- Collected material:
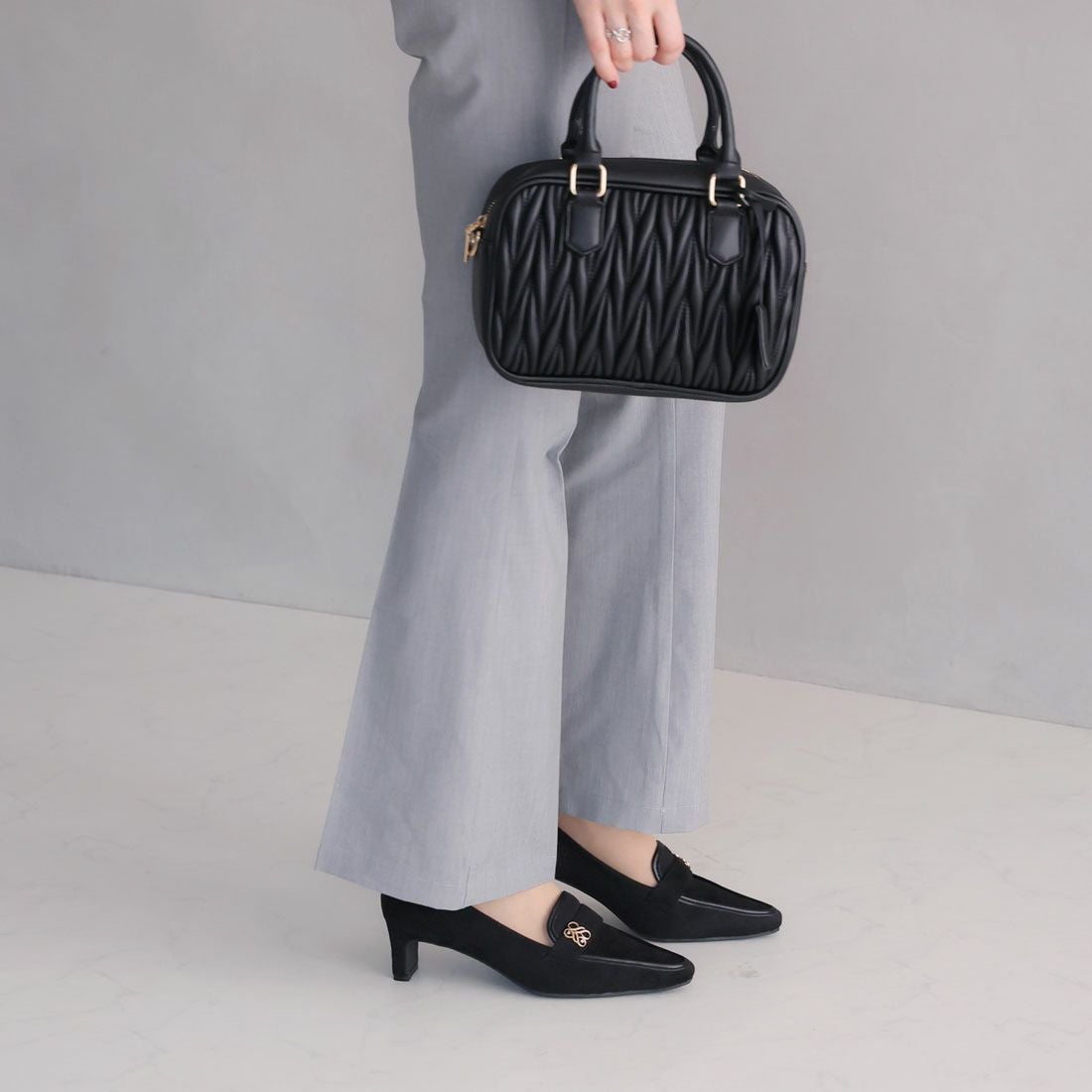 スクエアトゥモノグラム5cmプレートヒール感激ローファーパンプス ｜靴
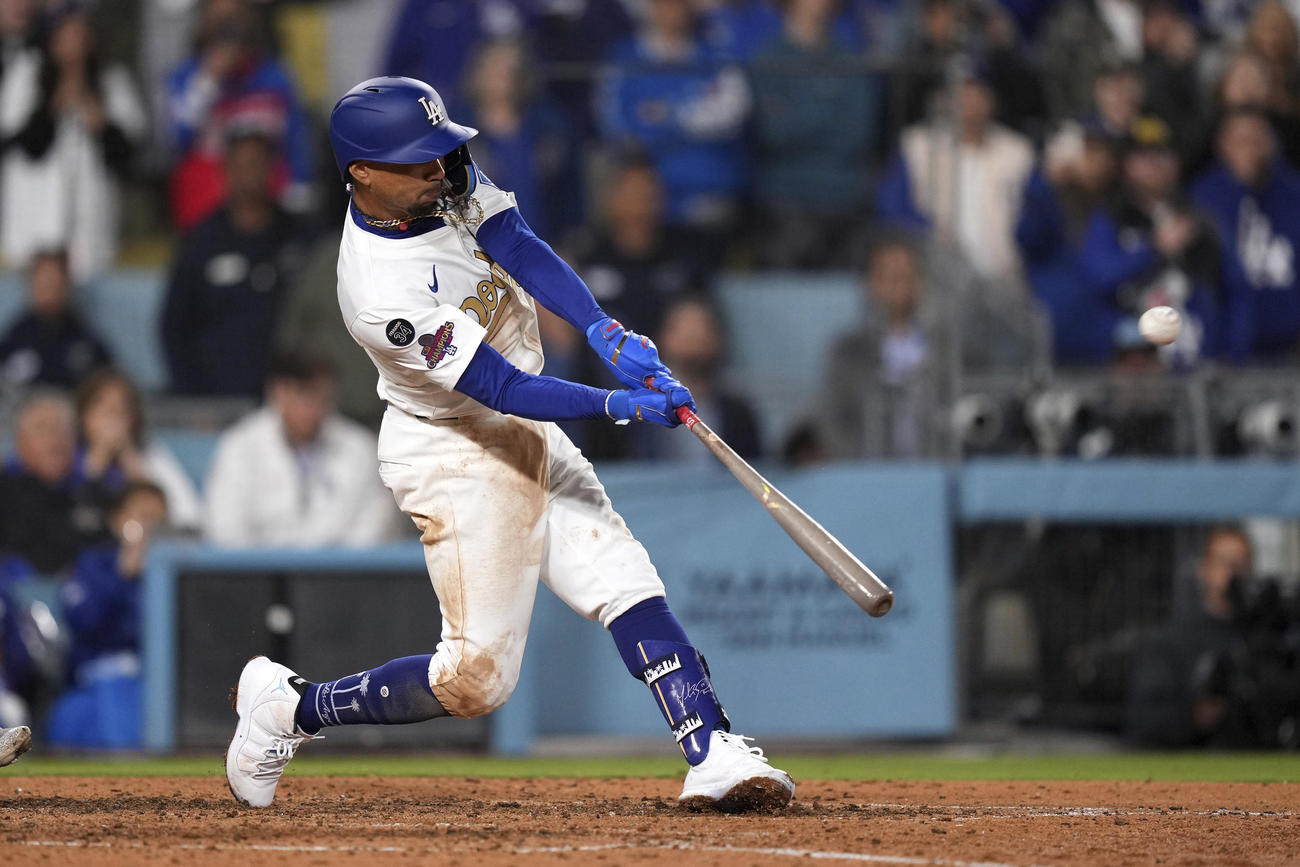 延長10回、サヨナラ3ランを放ったドジャースのムーキー・ベッツ（AP）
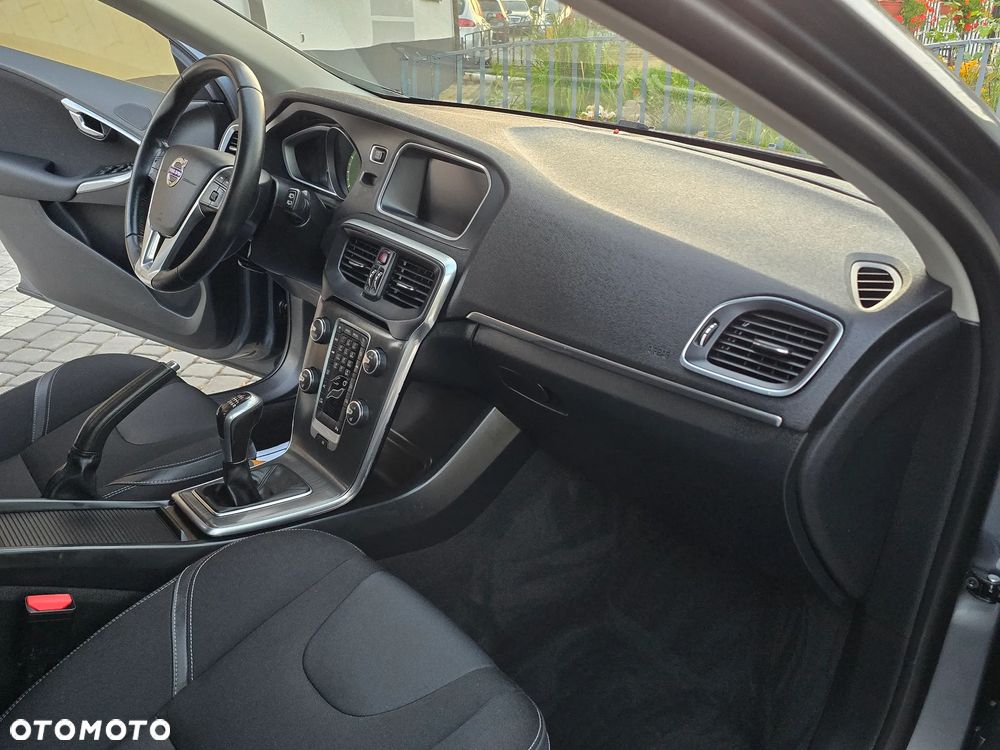 Volvo V40 T2 Drive-E Summum - 25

- To do: Pictures aside, retype the material exactly.

- Problem solution:
 スクエアトゥモノグラム5cmプレートヒール感激ローファーパンプス ｜靴
 延長10回、サヨナラ3ランを放ったドジャースのムーキー・ベッツ（AP）
 Volvo V40 T2 Drive-E Summum - 25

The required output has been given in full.